I too am a clyde. 205# on a good day. I also wondered which to get Fisher Cake or Enduro Comp. I decided on mine by the bike shop. Both in my area are great, but the Specialized bike shop offered a 5 year tune policy. Prices were comparable. I liked the lower standover on the Enduro. I love to jump, I have been broken but my Enduro has not. Too many pinch flats to count though. Both are good bikes. I got rid of a Fisher Sugar for the Enduro. Go with the best deal, price and services. BTW I really like my Enduro and my wife hates it. Nuff said.

Remember. The world needs failures. Without them how would we judge our success?


----------



## Mattman (Feb 2, 2004)

*Checking my facts*



red5 said:


> How do you beat Specializeds lifetime warranty? I have know idea what GF's warranty is, but lifetime to me sounds pretty darned good.

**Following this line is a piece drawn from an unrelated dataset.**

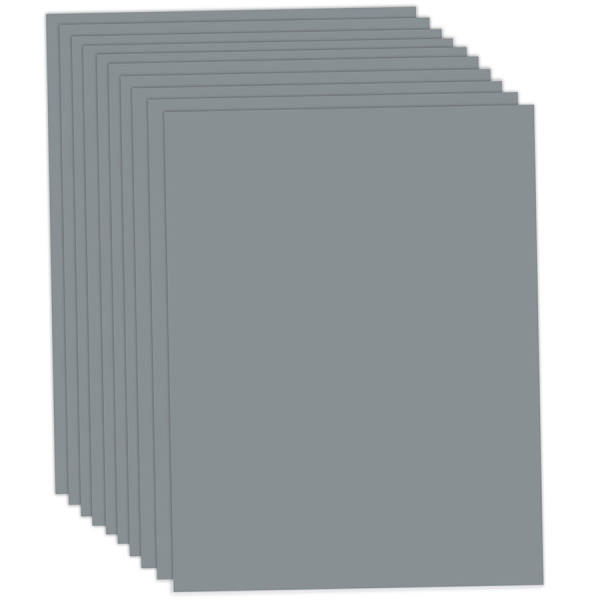 Tonpapier dunkelgrau / steingrau, 50x70cm, 10 Bögen, 130 g/m² Tonzeichenpapier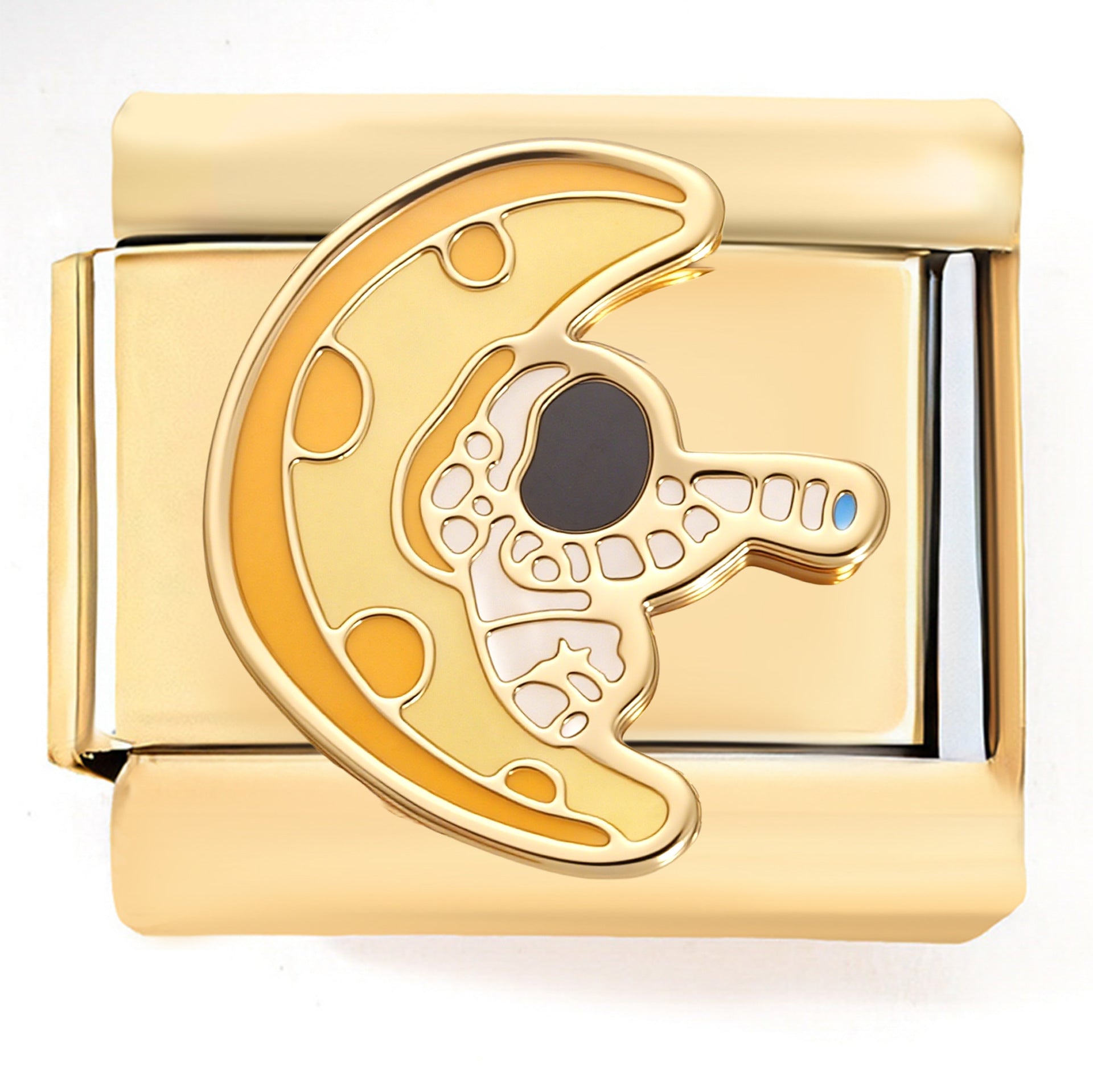 Wholesale Italian Charm Bracelet 9mm DIY Gold-Plated Navigation  Creative Stainless Steel Composable Bracelet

 I guess I should have gotten better info, I listened to a guy who was trying to sell me a Fisher. He was raving about Fishers lifetime warranty and the fact that Specialised is only a few years. I still like the made in USA aspect of the cake, but have recently started riding with a guy who has a super nice Enduro. I have also heard that the cake has some bugs to work out and may be a bit spindly for a Clyde. I revise my position.


----------